そういう宝釵の欠点含めたところが人間的魅力なのに、本書はそこらへん丸ごとすっ飛ばして「いい子」「みんなをまとめるお姉さんキャラ」というごく単純なキャラみたいに説明している。文学研究者とは思えない浅さ。
黛玉についてもめちゃくちゃ言いたいんだけど、書いたら凄い字数になりそうなのでもうやめておく。
⑤そのほかツッコミどころ。
・この本、実は主人公の賈宝玉についてきちんと項目を作って紹介してない。なので読み終えても宝玉の人物像が見えてこないのではないだろうか。解説本として大変不親切だと思う。
・さらに言うと、侍女キャラ達もほぼ説明無し。襲人や紫鵑はしょっちゅう引用場面に出てくるし、それぞれ作中で重要な役割になってるのに、ちょっとした解説も無しですかそうですか。
・貴族崩壊譚のことを語るなら、賈家の家政の中心には常に王熙鳳がいるんだから彼女を中心に語ればとても解説しやすかったろうに、著者はそんなに大事なキャラだと思ってなかったのだろうか?
・薛宝琴のコラム。

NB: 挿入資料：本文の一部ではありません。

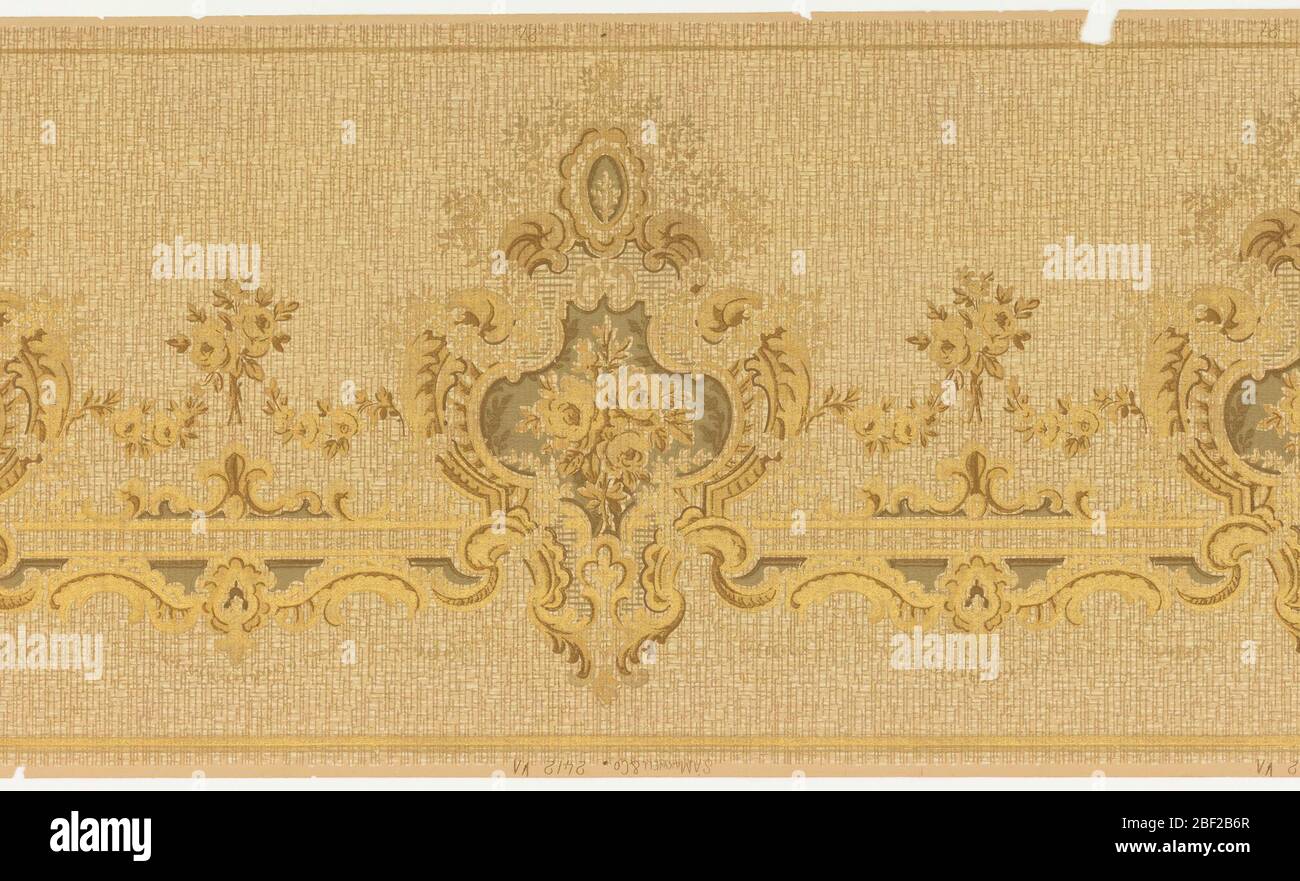 Frieze. Fries mit Rokoko-inspiriertem, horizontalem Muster. Große Schilde von Rosen und Akanthus-Blättern sind mit floralen Girlanden und Tücken von c und s Schriftrollen verbunden. Stockfoto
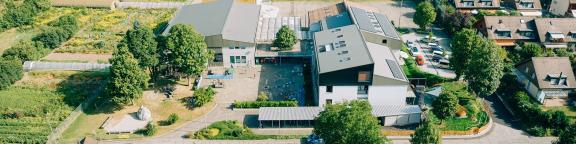 Luftaufnahme der Schule Uttigen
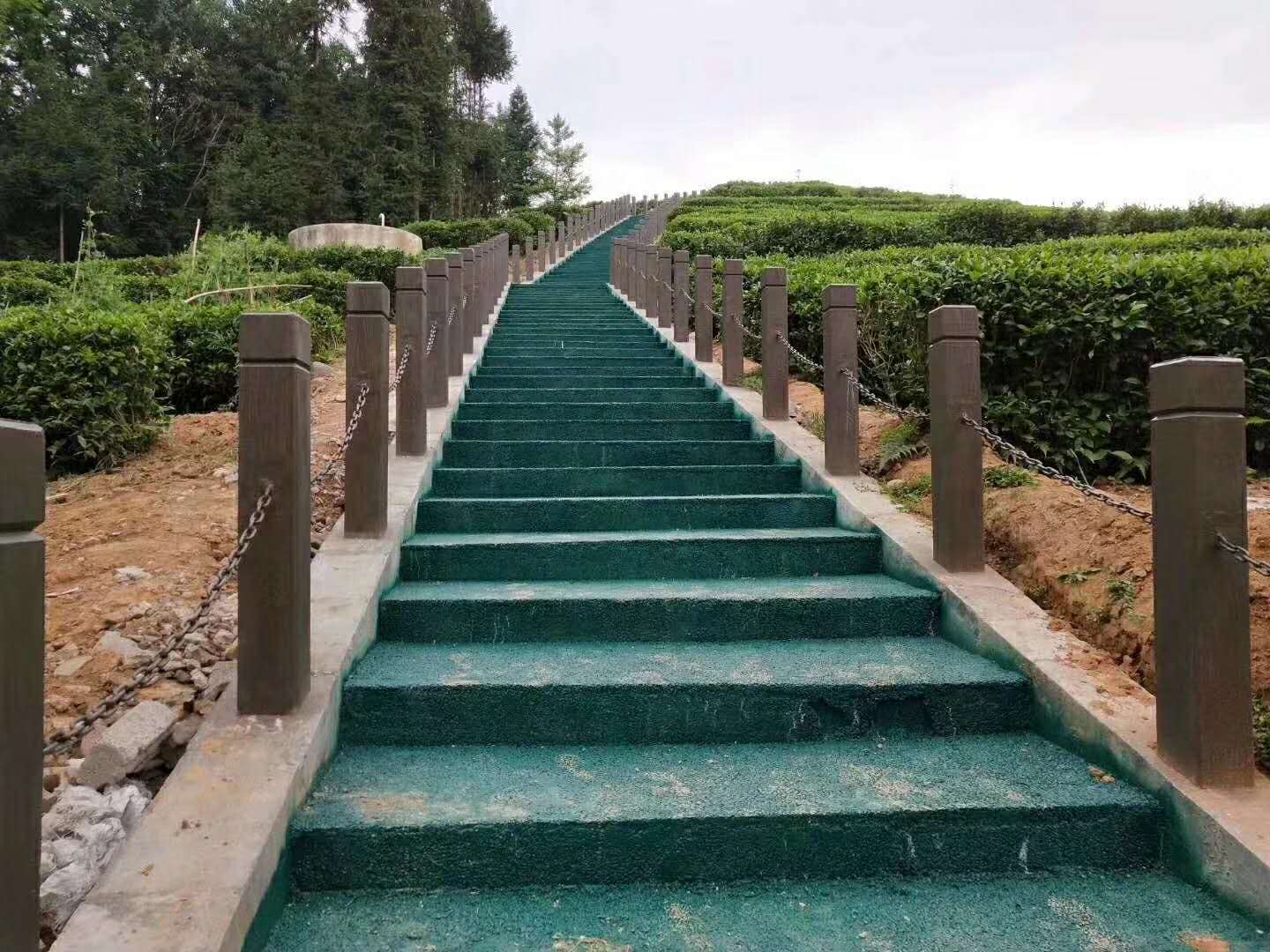 北京晟泰仿木護(hù)欄 仿木護(hù)欄廠家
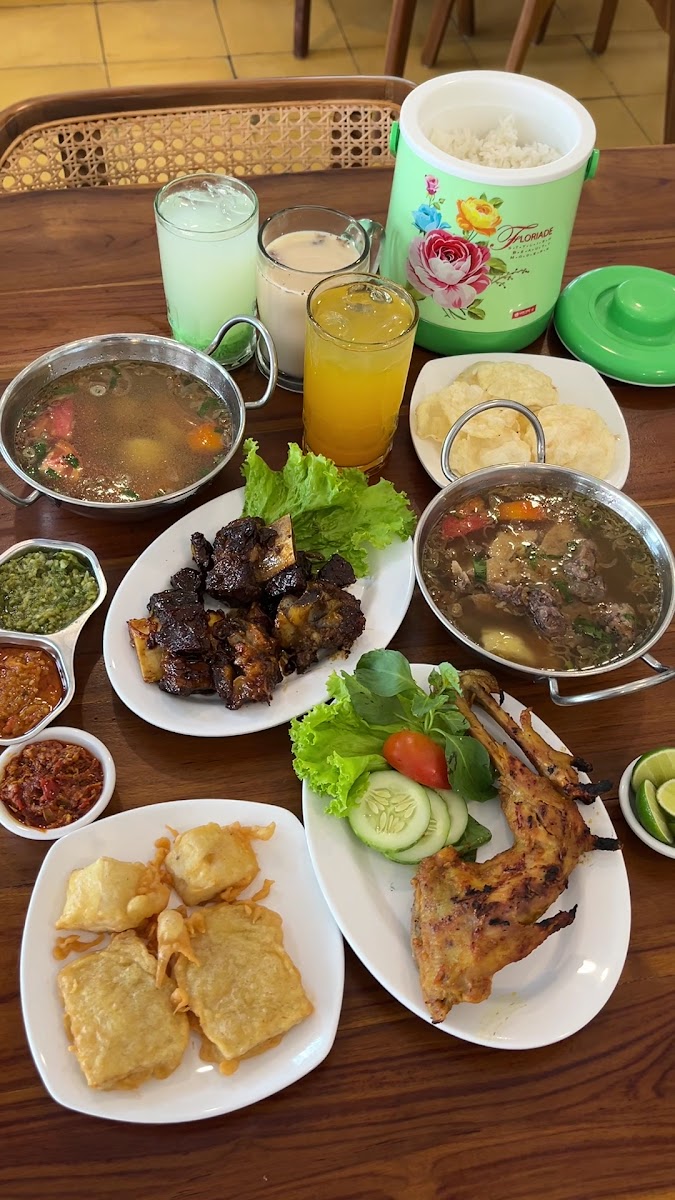 Sop Buntut Bu Menuk 3 (Jalan Godean) Photo 2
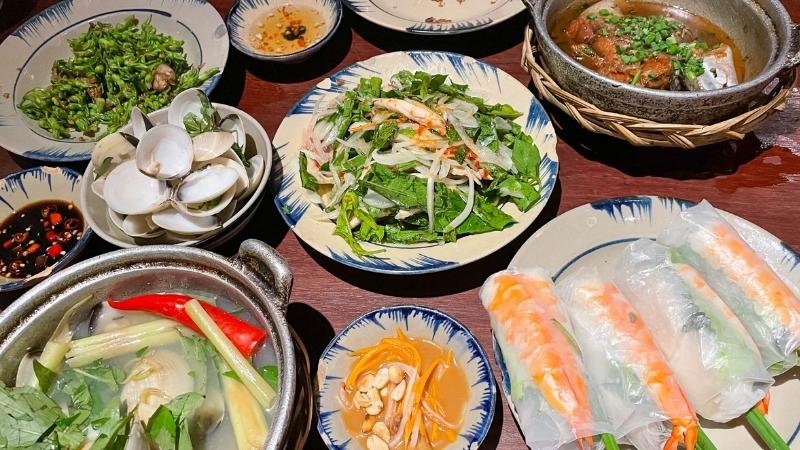 Mâm cơm quê Cục Gạch Quán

黛玉が宝琴に嫉妬しないのはこの時点で宝釵と和解して良好な関係を築いていることの証左として私はシンプルに理解してたけど違うんか? これに限らず、コラムの内容にもなんかズレたものが多い。
・後四十回読んで、宝玉が黛玉から宝釵に気持ちを移したなんて解釈する人いるんだ。ふーん。二人は床入りの時も心通わなかったし、最後まで思想的には相容れなかったし、結局宝玉は宝釵捨てて失踪してるんですけど?
・第百二十回で賈家が完全復興したとか解釈する人いるんだ。ふーん。十二釵は殆どが不幸な末路で、賈家もそれまでの窃盗やら家宅捜査やらでボロボロになってますけど? あくまで復興希望匂わせ程度のラストだよね。
・紅楼夢のドラマ版について、2010年版が評価されてるみたいなことを書いてるけど、大陸で散々ぼろくそに言われているのをわかったうえでの記述だろうか? 10年版が良くも悪くも有名なのは、大々的に演員のオーディションをやったり、紅学者をかき集めて脚本を作ったりといった制作過程の盛り上がりがあったからで、作品そのものの評価は歴代でもかなり低い。
あと、87年版を原作の省略が多い、ファンタジー部分が削除されてるとまるでそこが悪いみたいな書き方をしてるが、別にどっちも作劇上問題無いし、そのせいで出来が悪いなんて言っている人は見たことが無い(じゃあ著者からしたらファンタジー要素を根こそぎ抜いた98年版の水滸伝ドラマとかも出来が悪いんか?って話)。どうも著者はドラマ版をちゃんと見ているのかも怪しい。出来のいい紅楼夢、無難に楽しめる紅楼夢なら89年映画版、01年話劇版、09年の黛玉伝など普通に色々ある。
結論。
とりあえず入門書・ガイドとしては一切お勧め出来ない。
紅楼夢をほどほどに読んだ人が便覧として使うにはまぁ何とか価値を見出せるかな程度の本だと思う。
前作の「西遊記」「水滸伝」が素晴らしかっただけに大変悲しい。「三国志演義」も刊行されるらしいけどどうなるかな…。